Phyllis Newman, who won a Tony Award for Subways Are for Sleeping, has died at 86. Deadline first reported the news.

Her son, Vogue theater critic Adam Green, confirmed his mother’s death Sunday on Twitter. “My sister Amanda Green and I had to say goodbye to our beautiful mother today. I’ll miss her more than I can say,” Green wrote.

Newman won a Tony Award for Featured Actress in a Musical in 1962 for her portrayal of Martha Vail in the musical Subways Are For Sleeping, and received a Tony nod for her role in Neil Simon’s Broadway Bound, which debuted in 1986. She appeared in a bevy of other Broadway productions, such as The Apple Tree, On the Town, The Prisoner of Second Avenue, Awake and Sing, and more. Newman also co-wrote her one-woman musical, The Madwoman of Central Park West.
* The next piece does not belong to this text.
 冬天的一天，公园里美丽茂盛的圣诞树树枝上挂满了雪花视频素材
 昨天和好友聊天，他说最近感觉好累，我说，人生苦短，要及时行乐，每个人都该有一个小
She also received a Drama Desk nomination for starring in the off-broadway production of James Lapine’s The Moment When… Her other off-broadway credits include The Food Chain, Shyster, and the revival of A Majority of One.

While she’s best known for her theater career, Newman appeared in many television and film projects as well. She had multiple appearances on the Ed Sullivan Show and guest-hosted The Johnny Carson Show. Her other TV credits include One Life to Live; 100 Centre Street, Oz; Murder, She Wrote; thirtysomething; and The Jury.
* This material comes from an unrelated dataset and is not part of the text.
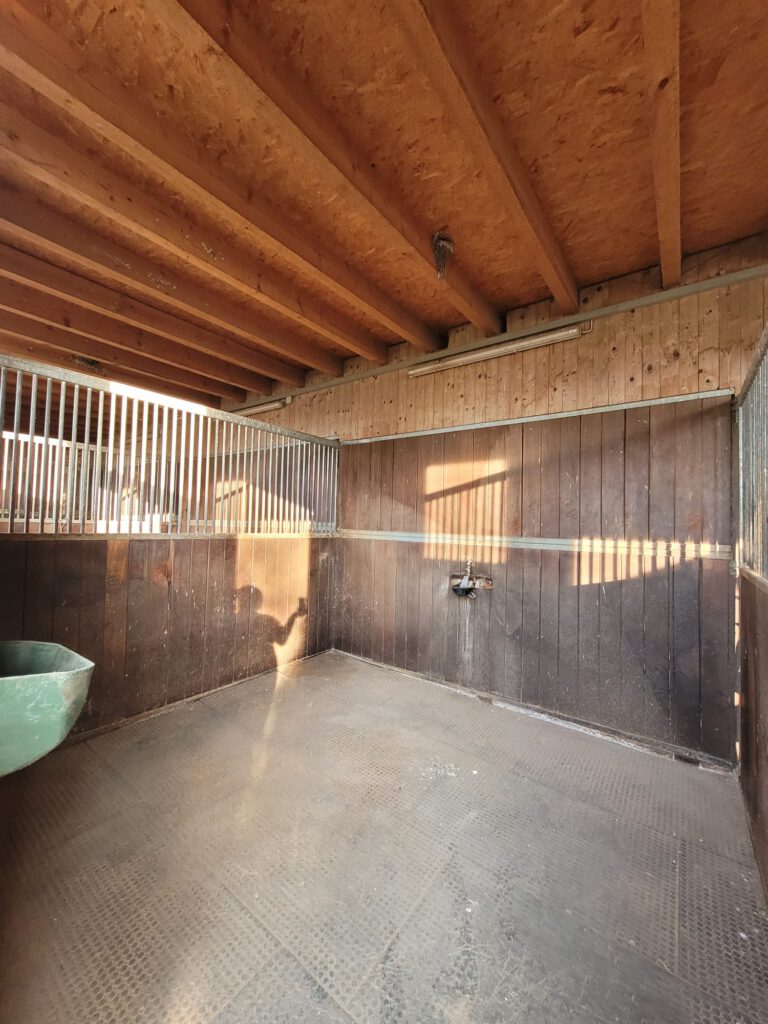 Leerer Pferdestall aus Holz mit Metallgeländer und Gummiboden, Sonnenlicht wirft Schatten durch das Fenster.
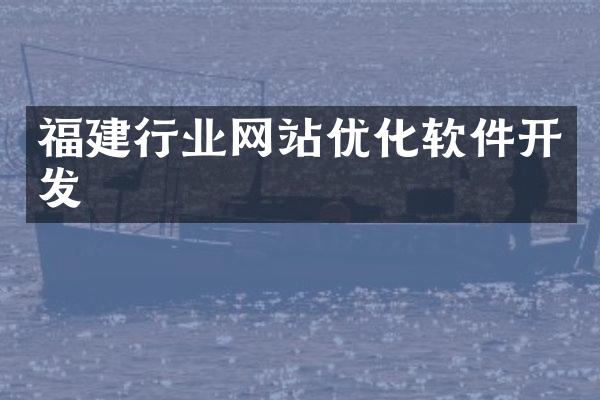 福建行业网站优化软件开发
She appeared in films like The Human Stain, It Had To Be You, For the Time Being, Fish in the Bathtub, A Price Above Rubies, The Beautician and the Beast, Only You, Mannequin, To Find a Man, Bye Bye Braverman, and Picnic.

Newman was diagnosed with breast cancer in 1983 and started writing her autobiography Just in Time: Notes from My Life after she received the news. The experience led to her activism surrounding the disease and women’s health issues in entertainment. She founded the Phyllis Newman Women’s Health Initiative of The Actors’ Fund of America in 1993, and her work earned her the inaugural Isabelle Stevenson Award from the Tony Awards in 2009.

She was married to the late composer and screenwriter Adolph Green for 42 years. She is survived by her two children, Adam and Amanda.

Representatives for Newman did not immediately respond to EW’s request for comment.